Наверху раздается благовест... Тысячи голов обнажаются, движутся тысячи рук — тысячи крестных знамений! И Сережка не знает, куда деваться от нетерпения. Но вот в толпе заметно какое-то волнение. Из церкви одну за другою выносят хоругви, раздается бойкий, спешащий трезвон. Сережка дрожащей рукой сдергивает рогожи... и народ видит нечто необычайное.

Аналой, деревянный круг, колышки и крест на льду переливаются тысячами красок. Крест и голубь испускают из себя такие лучи, что смотреть больно... Боже милостивый, как хорошо! В толпе пробегает гул удивления и восторга.

Крестный ход, сияя ризами икон и духовенства, медленно сходит вниз по дороге и направляется к Иордани.

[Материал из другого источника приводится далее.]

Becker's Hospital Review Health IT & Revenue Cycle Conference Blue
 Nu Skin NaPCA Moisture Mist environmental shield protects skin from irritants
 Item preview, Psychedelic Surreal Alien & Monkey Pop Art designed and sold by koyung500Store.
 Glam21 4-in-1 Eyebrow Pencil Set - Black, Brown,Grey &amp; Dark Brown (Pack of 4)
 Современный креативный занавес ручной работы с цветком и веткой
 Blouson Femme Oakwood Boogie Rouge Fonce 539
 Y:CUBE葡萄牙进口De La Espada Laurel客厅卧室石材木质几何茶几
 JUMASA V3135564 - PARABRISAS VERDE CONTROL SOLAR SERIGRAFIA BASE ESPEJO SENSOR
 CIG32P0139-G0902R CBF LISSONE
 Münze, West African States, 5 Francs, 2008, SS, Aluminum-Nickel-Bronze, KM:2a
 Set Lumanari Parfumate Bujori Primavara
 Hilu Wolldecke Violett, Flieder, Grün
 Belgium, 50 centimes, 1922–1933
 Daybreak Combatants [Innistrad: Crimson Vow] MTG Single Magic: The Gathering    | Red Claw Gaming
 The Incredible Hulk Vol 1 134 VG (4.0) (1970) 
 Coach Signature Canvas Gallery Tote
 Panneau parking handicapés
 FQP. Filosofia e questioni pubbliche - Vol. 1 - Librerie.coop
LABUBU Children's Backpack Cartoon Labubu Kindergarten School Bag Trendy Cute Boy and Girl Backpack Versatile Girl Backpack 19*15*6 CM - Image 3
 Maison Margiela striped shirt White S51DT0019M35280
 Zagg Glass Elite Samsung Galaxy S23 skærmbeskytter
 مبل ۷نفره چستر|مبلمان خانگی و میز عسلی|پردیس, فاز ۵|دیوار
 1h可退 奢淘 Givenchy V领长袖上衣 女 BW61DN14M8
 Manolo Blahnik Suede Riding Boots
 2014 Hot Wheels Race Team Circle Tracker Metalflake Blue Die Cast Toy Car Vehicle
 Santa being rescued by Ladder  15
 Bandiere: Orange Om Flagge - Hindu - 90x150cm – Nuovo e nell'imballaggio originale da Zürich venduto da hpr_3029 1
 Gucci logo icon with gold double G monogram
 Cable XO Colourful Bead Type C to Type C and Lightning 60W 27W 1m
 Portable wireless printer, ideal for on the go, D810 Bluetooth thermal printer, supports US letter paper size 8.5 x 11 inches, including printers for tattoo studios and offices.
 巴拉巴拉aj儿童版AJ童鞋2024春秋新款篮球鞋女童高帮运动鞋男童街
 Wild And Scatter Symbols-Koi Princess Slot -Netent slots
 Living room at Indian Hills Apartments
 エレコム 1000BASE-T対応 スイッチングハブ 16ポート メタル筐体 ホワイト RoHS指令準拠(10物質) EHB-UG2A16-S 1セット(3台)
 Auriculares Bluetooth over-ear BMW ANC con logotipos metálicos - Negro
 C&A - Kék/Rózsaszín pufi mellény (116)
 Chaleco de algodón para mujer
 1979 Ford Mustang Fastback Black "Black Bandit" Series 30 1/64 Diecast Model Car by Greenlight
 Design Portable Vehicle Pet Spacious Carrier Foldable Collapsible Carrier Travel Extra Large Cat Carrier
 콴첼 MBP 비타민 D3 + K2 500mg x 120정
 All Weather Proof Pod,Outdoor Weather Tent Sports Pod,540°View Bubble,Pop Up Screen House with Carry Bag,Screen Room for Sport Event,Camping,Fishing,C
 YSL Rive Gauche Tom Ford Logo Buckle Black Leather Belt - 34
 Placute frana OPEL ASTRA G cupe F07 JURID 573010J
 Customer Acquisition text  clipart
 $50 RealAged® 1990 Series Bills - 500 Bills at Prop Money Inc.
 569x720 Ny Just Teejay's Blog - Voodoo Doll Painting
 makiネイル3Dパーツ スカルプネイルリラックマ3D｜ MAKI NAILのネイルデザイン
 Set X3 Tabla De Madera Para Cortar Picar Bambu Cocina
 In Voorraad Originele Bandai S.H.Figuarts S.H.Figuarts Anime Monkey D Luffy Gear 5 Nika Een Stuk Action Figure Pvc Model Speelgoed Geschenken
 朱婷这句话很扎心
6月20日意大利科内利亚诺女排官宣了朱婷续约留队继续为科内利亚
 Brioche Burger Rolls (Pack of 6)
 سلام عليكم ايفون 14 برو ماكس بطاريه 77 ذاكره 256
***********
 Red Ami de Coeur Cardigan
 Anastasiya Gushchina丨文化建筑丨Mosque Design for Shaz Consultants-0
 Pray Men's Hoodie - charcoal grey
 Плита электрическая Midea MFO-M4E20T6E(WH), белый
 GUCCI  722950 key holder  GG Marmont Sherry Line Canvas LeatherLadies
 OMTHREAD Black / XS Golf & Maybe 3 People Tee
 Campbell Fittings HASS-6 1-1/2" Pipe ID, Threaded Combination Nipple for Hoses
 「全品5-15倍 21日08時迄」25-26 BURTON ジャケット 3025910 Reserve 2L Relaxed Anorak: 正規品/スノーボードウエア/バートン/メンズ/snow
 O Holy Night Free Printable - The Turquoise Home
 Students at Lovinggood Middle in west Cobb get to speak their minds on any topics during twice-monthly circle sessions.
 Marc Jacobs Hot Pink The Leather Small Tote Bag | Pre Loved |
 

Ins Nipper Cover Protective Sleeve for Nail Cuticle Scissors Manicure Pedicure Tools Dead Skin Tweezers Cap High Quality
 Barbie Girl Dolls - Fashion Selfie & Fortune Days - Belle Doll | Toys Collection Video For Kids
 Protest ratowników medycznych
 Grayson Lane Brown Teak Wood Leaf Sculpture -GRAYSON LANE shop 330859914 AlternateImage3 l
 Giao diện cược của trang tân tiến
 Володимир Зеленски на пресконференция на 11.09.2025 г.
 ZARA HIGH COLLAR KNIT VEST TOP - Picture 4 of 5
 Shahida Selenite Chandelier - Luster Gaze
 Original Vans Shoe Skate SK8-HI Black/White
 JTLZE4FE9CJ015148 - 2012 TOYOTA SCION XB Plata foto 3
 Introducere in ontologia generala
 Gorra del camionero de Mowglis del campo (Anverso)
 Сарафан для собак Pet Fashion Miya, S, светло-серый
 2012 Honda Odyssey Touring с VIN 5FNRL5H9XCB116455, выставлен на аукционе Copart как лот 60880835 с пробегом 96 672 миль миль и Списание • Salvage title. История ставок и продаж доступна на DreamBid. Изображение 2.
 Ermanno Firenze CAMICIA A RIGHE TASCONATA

Машут колокольне руками, чтобы там перестали звонить, и водосвятие начинается. Служат долго, медленно, видимо, стараясь продлить торжество и радость общей народной молитвы. Но вот погружают крест, и воздух оглашается необыкновенным гулом. Пальба из ружей, трезвон, громкие

выражения восторга, крики и давка в погоне за колышками. Сережка прислушивается к этому гулу, видит тысячи устремленных на него глаз, и душа лентяя наполняется чувством славы и торжества.